Manage Spark Thrift Servers - E-MapReduce - Alibaba Cloud Documentation Center

A Spark Thrift Server is a service provided by Apache Spark. A Spark Thrift Server allows you to connect to Spark and execute SQL queries based on Java Database Connectivity (JDBC) or Open Database Connectivity (ODBC). This helps integrate Spark with existing business intelligence (BI) tools, data visualization tools, and other data analysis tools. This topic describes how to create and connect to a Spark Thrift Server.

Prerequisites

A workspace is created. For more information, see Manage workspaces.

Create a Spark Thrift Server

After a Spark Thrift Server is created, you can select the Spark Thrift Server when you create a Spark SQL job.

Go to the Sessions page.
1. Log on to the EMR console.
2. In the left-side navigation pane, choose EMR Serverless > Spark.
3. On the Spark page, click the name of the workspace that you want to manage.
4. In the left-side navigation pane of the EMR Serverless Spark page, choose Operation Center > Sessions.
On the Sessions page, click the Spark Thrift Server Sessions tab.
Click Create Spark Thrift Server Session.

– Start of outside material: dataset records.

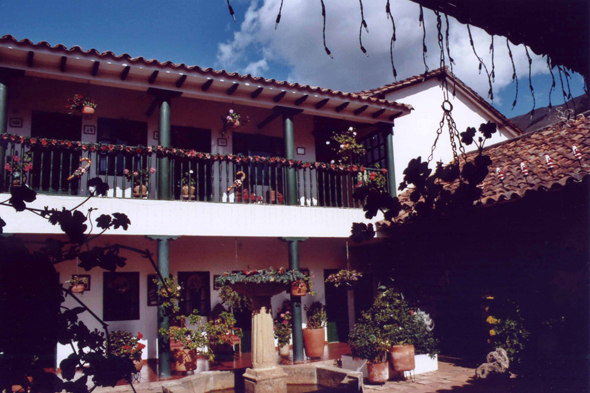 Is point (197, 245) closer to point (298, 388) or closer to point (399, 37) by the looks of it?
point (298, 388)

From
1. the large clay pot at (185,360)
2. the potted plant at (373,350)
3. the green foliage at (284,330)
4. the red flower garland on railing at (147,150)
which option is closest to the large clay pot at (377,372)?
the potted plant at (373,350)

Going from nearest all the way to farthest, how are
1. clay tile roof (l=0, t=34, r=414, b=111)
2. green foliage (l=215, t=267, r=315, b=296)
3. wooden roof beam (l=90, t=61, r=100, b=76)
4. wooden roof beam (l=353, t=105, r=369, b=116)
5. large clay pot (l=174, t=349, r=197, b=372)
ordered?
green foliage (l=215, t=267, r=315, b=296) → clay tile roof (l=0, t=34, r=414, b=111) → wooden roof beam (l=90, t=61, r=100, b=76) → large clay pot (l=174, t=349, r=197, b=372) → wooden roof beam (l=353, t=105, r=369, b=116)

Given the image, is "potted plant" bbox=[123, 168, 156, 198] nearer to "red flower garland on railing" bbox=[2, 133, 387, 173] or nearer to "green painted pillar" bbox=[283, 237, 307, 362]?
"red flower garland on railing" bbox=[2, 133, 387, 173]

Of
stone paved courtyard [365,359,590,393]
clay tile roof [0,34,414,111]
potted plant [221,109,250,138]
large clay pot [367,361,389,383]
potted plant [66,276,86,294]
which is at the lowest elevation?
stone paved courtyard [365,359,590,393]

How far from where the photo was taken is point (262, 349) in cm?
720

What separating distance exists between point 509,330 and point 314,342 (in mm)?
3817

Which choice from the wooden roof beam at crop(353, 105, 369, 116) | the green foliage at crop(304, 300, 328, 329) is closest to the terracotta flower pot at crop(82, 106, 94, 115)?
the wooden roof beam at crop(353, 105, 369, 116)

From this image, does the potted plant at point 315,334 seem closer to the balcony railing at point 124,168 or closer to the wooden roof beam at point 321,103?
the balcony railing at point 124,168

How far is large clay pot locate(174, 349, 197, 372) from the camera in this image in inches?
→ 328

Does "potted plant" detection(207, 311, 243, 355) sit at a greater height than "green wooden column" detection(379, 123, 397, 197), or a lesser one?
lesser

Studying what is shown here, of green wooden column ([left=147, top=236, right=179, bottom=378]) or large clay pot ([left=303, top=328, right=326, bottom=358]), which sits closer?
green wooden column ([left=147, top=236, right=179, bottom=378])

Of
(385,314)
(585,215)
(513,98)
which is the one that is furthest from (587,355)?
(513,98)

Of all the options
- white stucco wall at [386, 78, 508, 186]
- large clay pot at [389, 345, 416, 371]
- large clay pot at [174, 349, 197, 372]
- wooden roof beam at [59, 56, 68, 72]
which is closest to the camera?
wooden roof beam at [59, 56, 68, 72]

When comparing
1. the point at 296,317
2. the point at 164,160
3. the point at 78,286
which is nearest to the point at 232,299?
the point at 296,317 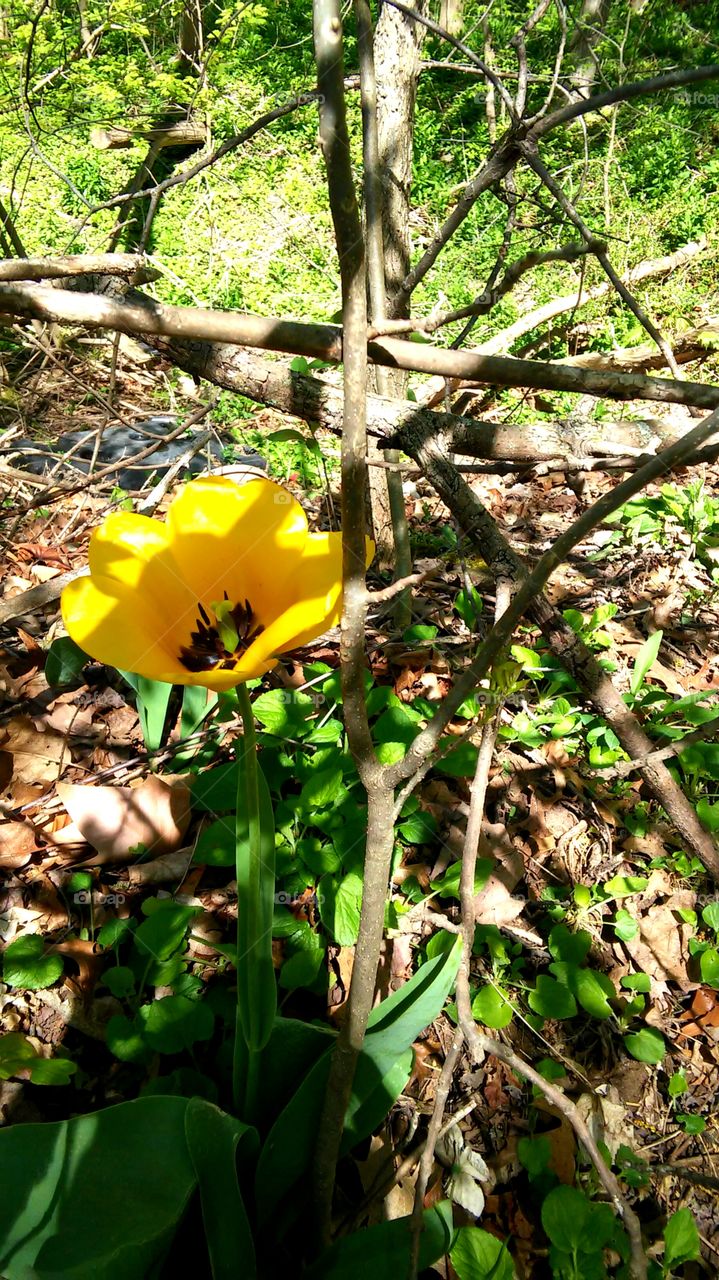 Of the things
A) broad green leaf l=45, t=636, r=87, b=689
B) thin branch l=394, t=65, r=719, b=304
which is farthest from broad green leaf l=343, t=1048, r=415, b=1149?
thin branch l=394, t=65, r=719, b=304

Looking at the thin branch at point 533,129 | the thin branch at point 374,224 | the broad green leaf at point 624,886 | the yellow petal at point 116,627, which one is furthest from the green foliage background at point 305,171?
the yellow petal at point 116,627

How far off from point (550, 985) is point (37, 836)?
1.13m

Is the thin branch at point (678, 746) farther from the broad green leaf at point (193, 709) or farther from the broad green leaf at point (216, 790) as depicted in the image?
the broad green leaf at point (193, 709)

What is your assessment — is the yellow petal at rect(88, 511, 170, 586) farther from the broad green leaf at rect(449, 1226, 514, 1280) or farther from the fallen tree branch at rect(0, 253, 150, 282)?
the broad green leaf at rect(449, 1226, 514, 1280)

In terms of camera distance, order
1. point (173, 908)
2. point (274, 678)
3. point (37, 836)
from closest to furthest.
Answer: point (173, 908)
point (37, 836)
point (274, 678)

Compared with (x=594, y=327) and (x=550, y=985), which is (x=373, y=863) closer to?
(x=550, y=985)

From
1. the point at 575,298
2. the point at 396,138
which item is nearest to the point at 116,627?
the point at 396,138

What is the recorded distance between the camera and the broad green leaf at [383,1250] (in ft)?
3.13

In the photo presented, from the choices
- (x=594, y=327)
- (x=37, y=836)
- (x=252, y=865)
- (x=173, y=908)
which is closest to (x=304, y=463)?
(x=37, y=836)

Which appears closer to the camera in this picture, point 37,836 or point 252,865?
point 252,865

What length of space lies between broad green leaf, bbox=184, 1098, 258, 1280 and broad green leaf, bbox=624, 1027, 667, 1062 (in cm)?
77

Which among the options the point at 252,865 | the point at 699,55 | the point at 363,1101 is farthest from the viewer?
the point at 699,55

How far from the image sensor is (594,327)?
5109mm

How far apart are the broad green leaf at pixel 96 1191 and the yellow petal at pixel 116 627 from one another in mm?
560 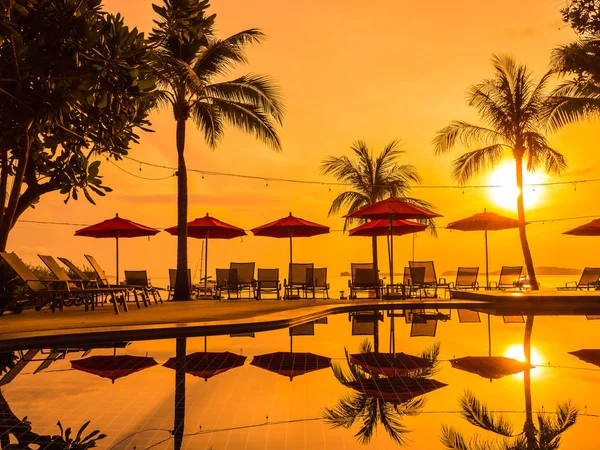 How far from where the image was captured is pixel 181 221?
18141 millimetres

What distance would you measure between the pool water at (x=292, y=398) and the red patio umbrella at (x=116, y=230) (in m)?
9.68

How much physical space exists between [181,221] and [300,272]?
4060 mm

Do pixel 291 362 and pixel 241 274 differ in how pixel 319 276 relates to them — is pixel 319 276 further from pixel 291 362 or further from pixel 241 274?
pixel 291 362

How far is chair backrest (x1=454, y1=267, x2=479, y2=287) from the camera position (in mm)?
18875

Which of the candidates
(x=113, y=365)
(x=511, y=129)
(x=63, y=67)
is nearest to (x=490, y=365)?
(x=113, y=365)

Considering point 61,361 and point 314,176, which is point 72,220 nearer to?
point 314,176

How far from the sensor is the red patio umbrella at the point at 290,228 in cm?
1739

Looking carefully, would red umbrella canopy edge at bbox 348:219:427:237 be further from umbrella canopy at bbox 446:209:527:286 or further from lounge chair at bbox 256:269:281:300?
lounge chair at bbox 256:269:281:300

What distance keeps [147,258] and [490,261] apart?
1233cm

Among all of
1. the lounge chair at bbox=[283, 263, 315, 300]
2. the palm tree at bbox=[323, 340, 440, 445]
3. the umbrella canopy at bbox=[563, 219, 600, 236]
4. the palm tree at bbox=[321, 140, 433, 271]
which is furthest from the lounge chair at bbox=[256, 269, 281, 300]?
the palm tree at bbox=[323, 340, 440, 445]

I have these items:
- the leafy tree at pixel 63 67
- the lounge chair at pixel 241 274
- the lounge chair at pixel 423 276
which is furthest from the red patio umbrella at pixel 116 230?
the leafy tree at pixel 63 67

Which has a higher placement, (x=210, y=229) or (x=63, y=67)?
(x=63, y=67)

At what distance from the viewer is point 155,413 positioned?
4246 mm

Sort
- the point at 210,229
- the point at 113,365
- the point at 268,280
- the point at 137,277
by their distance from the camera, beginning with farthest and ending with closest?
the point at 210,229 < the point at 268,280 < the point at 137,277 < the point at 113,365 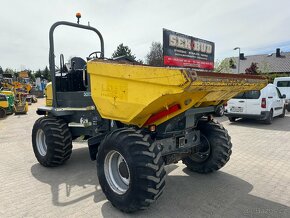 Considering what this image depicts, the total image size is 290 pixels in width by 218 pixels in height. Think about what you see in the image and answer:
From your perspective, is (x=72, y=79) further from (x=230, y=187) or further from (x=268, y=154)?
(x=268, y=154)

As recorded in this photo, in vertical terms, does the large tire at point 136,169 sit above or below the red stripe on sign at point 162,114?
below

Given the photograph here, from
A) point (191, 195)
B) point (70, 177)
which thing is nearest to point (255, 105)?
point (191, 195)

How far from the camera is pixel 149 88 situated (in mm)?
2982

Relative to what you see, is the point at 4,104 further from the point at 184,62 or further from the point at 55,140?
the point at 55,140

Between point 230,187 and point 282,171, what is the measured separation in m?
1.40

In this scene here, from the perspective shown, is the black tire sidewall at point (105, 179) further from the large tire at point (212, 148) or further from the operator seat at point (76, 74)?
the operator seat at point (76, 74)

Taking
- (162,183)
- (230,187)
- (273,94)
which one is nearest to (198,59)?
(273,94)

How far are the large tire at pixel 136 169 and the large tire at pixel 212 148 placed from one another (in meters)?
1.51

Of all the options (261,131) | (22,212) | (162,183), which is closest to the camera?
(162,183)

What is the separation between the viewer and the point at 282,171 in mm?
4949

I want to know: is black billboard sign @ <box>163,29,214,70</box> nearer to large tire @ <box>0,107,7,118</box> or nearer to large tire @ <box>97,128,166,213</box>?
large tire @ <box>97,128,166,213</box>

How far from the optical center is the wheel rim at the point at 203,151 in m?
4.58

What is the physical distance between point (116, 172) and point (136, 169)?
681 mm

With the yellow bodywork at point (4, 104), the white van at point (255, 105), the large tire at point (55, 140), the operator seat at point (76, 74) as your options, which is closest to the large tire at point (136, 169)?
the large tire at point (55, 140) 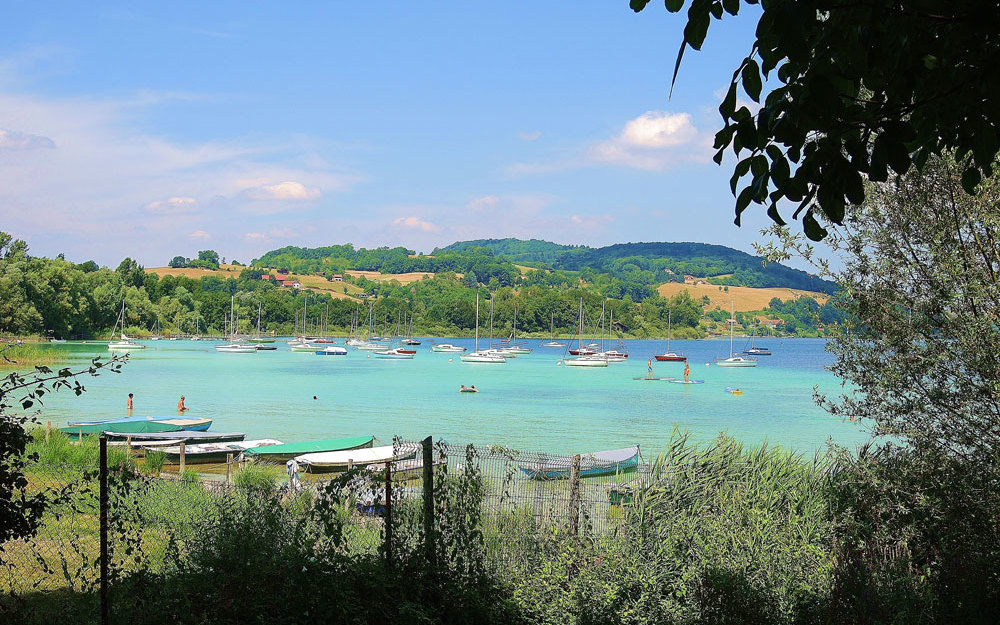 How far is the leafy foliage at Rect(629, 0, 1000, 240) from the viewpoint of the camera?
8.89ft

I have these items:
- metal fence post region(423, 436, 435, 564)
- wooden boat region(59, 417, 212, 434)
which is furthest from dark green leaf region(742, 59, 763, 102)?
wooden boat region(59, 417, 212, 434)

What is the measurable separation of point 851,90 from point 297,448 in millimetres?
27164

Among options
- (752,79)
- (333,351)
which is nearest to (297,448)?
(752,79)

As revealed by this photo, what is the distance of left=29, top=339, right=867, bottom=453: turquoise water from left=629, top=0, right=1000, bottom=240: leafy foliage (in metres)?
32.8

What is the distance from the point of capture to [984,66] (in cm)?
278

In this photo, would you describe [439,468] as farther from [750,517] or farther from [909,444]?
[909,444]

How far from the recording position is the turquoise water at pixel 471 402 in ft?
140

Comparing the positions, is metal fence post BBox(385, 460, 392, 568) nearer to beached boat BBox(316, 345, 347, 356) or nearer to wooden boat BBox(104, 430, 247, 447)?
wooden boat BBox(104, 430, 247, 447)

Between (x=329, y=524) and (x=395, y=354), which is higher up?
(x=329, y=524)

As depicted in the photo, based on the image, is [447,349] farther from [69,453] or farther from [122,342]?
[69,453]

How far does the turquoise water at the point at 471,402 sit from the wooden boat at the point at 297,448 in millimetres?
8521

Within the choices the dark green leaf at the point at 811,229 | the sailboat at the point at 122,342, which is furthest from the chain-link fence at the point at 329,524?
the sailboat at the point at 122,342

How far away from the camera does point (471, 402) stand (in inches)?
2343

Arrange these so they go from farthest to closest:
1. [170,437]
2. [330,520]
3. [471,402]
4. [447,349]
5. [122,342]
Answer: [447,349] < [122,342] < [471,402] < [170,437] < [330,520] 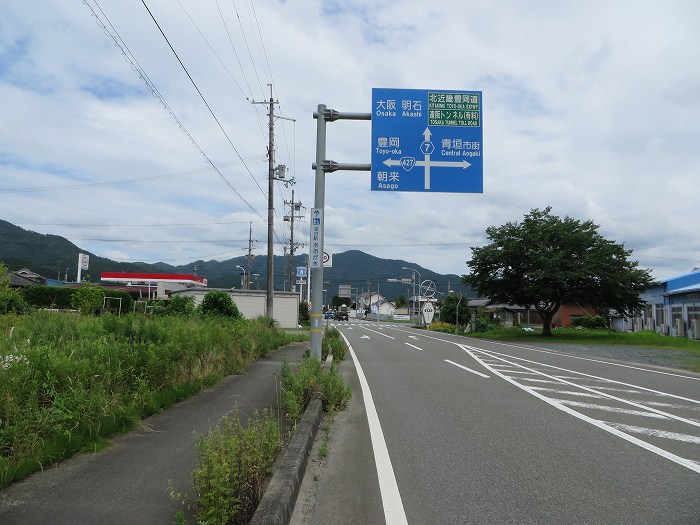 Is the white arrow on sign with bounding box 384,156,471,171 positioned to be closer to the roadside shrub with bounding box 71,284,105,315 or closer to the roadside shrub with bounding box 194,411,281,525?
the roadside shrub with bounding box 194,411,281,525

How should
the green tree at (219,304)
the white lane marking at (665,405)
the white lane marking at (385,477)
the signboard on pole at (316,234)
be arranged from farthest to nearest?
the green tree at (219,304) < the signboard on pole at (316,234) < the white lane marking at (665,405) < the white lane marking at (385,477)

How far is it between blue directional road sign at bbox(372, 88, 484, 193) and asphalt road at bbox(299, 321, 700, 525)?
462cm

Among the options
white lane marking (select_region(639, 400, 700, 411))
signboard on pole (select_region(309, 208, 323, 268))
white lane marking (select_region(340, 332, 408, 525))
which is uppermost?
signboard on pole (select_region(309, 208, 323, 268))

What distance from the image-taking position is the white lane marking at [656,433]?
6734 millimetres

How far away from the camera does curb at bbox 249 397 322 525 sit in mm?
3709

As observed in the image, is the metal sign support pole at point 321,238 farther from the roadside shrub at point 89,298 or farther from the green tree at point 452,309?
the green tree at point 452,309

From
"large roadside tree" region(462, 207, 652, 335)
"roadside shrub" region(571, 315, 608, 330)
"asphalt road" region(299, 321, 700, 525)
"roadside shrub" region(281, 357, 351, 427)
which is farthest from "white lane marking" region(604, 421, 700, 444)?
"roadside shrub" region(571, 315, 608, 330)

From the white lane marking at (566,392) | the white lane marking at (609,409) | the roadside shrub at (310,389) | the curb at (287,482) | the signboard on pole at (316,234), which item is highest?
the signboard on pole at (316,234)

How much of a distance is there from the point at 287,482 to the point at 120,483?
1.55 m

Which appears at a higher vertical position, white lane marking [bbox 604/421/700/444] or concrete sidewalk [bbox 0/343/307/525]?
white lane marking [bbox 604/421/700/444]

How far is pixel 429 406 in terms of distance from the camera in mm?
8883

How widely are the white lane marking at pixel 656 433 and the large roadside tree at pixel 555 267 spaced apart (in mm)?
26737

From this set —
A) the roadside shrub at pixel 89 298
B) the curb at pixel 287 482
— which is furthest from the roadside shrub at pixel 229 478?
the roadside shrub at pixel 89 298

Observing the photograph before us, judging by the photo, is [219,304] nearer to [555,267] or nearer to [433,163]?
[433,163] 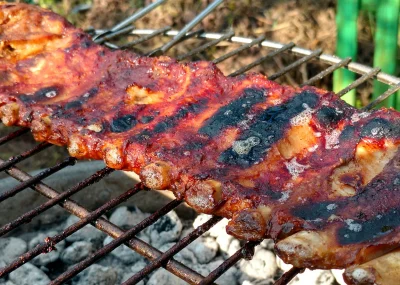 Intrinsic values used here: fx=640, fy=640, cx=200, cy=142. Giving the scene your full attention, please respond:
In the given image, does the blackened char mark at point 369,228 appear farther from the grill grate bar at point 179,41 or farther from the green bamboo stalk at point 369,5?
the green bamboo stalk at point 369,5

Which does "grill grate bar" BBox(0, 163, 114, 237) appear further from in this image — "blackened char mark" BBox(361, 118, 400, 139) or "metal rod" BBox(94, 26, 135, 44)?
"metal rod" BBox(94, 26, 135, 44)

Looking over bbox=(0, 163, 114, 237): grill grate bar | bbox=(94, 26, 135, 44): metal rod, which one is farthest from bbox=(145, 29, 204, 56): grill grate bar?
bbox=(0, 163, 114, 237): grill grate bar

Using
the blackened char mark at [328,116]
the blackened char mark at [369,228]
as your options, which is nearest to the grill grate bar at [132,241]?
the blackened char mark at [369,228]

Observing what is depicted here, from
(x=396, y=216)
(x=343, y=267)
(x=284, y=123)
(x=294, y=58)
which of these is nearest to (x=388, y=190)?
(x=396, y=216)

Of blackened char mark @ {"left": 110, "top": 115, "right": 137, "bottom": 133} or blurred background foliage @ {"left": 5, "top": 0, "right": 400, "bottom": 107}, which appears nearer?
blackened char mark @ {"left": 110, "top": 115, "right": 137, "bottom": 133}

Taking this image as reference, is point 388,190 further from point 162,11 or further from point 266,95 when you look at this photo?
point 162,11

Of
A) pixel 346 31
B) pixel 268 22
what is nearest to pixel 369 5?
pixel 346 31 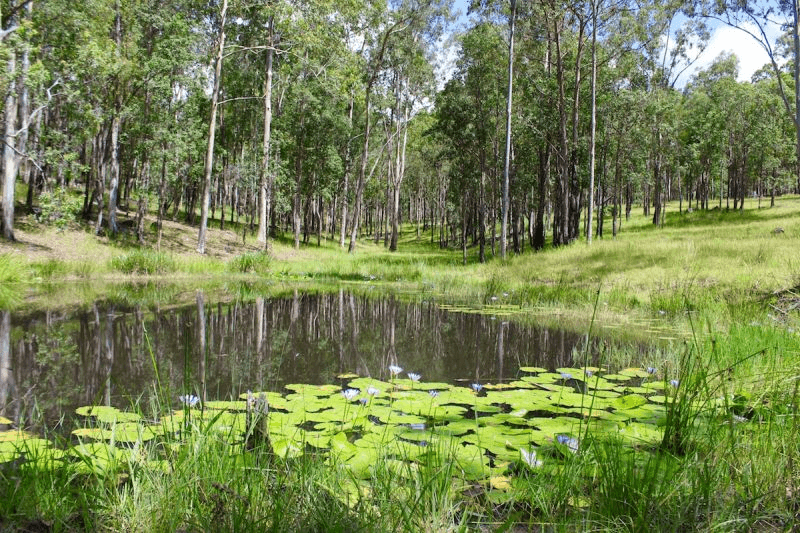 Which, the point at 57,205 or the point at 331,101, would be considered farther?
the point at 331,101

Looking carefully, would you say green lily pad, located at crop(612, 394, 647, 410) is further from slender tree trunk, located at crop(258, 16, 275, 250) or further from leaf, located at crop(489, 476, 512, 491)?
slender tree trunk, located at crop(258, 16, 275, 250)

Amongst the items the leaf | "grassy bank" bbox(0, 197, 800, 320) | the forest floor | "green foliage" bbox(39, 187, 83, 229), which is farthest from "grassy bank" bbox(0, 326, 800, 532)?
"green foliage" bbox(39, 187, 83, 229)

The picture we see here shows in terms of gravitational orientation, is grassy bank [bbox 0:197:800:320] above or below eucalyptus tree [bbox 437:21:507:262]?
below

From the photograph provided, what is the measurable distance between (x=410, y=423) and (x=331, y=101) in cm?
3284

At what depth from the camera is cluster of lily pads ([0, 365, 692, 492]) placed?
193 cm

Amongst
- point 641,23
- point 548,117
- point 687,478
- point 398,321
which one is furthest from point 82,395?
point 641,23

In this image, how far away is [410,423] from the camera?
2.55 metres

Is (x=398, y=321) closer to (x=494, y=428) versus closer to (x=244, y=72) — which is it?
(x=494, y=428)

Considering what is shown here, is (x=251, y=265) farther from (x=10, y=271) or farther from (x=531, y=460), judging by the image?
(x=531, y=460)

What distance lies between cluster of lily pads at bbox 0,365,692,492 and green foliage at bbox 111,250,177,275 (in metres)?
11.7

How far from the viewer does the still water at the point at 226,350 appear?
3.10m

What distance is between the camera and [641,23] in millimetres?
24641

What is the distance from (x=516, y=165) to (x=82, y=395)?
3265cm

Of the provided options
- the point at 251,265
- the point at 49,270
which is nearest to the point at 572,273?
the point at 251,265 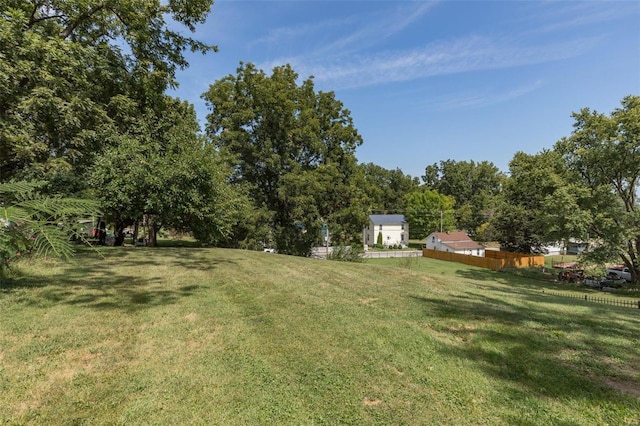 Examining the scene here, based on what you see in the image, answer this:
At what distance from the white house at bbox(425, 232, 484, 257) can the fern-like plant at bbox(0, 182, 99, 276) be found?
159ft

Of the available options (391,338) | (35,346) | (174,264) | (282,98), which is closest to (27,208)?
(35,346)

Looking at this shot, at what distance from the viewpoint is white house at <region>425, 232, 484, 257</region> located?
1810 inches

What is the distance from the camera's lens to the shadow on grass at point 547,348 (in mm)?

On the Create Spark Thrift Server Session page, configure parameters and click Create. The following table describes the parameters.

Parameter	Description
Name	The name of the Spark Thrift Server. The name must be 1 to 64 characters in length and can contain only letters, digits, hyphens (-), underscores (_), and spaces.
Resource Queue	The resource queue that is used to deploy the Spark Thrift Server. Select a resource queue from the drop-down list. Only resource queues that are available in the development environment and resource queues that are available in both the development and production environments are displayed in the drop-down list. For more information about resource queues, see Manage resource queues.
Engine Version	The version of the engine that is used by the Spark Thrift Server. For more information about engine versions, see Engine versions.
Use Fusion Acceleration	Specifies whether to enable Fusion acceleration. The Fusion engine helps accelerate the processing of Spark workloads and lower the overall cost of jobs. For more information about billing, see Billing. For more information about the Fusion engine, see Fusion engine.
Automatic Stop	By default, this switch is turned on. By default, if the Spark Thrift Server remains inactive for 45 minutes, the system automatically stops the Spark Thrift Server.
Spark Thrift Server Port	The port of the Spark Thrift Server. If you want to use the public endpoint to connect to a Spark Thrift Server, enter 443. If you want to use the internal endopint to connect to a Spark Thrift Server, enter 80.
Authentication Method	The authentication mode. You can select only Token.
spark.driver.cores	The number of CPU cores that are used by the driver of the Spark application. Default value: 1 CPU.
spark.driver.memory	The size of memory that is available to the driver of the Spark application. Default value: 3.5 GB.
spark.executor.cores	The number of CPU cores that can be used by each executor. Default value: 1 CPU.
spark.executor.memory	The size of memory that is available to each executor. Default value: 3.5 GB.
spark.executor.instances	The number of executors that are allocated to the Spark application. Default value: 2.
Dynamic Resource Allocation	By default, this feature is disabled. After you enable this feature, you must configure the following parameters: Minimum Number of Executors: Default value: 2. Maximum Number of Executors: If you do not configure the spark.executor.instances parameter, the default value 10 is used.
More Memory Configurations	spark.driver.memoryOverhead: the size of non-heap memory that is available to each driver. If you leave this parameter empty, Spark automatically assigns a value to this parameter based on the following formula: `max(384 MB, 10% × spark.driver.memory)`. spark.executor.memoryOverhead: the size of non-heap memory that is available to each executor. If you leave this parameter empty, Spark automatically assigns a value to this parameter based on the following formula: `max(384 MB, 10% × spark.executor.memory)`. spark.memory.offHeap.size: the size of off-heap memory that is available to the Spark application. Default value: 1 GB. This parameter is valid only if you set the `spark.memory.offHeap.enabled` parameter to `true`. By default, if you use the Fusion engine, the spark.memory.offHeap.enabled parameter is set to true and the spark.memory.offHeap.size parameter is set to 1 GB.
Spark Configuration	The configurations of Spark. Separate the configurations with spaces. Example: `spark.sql.catalog.paimon.metastore dlf`.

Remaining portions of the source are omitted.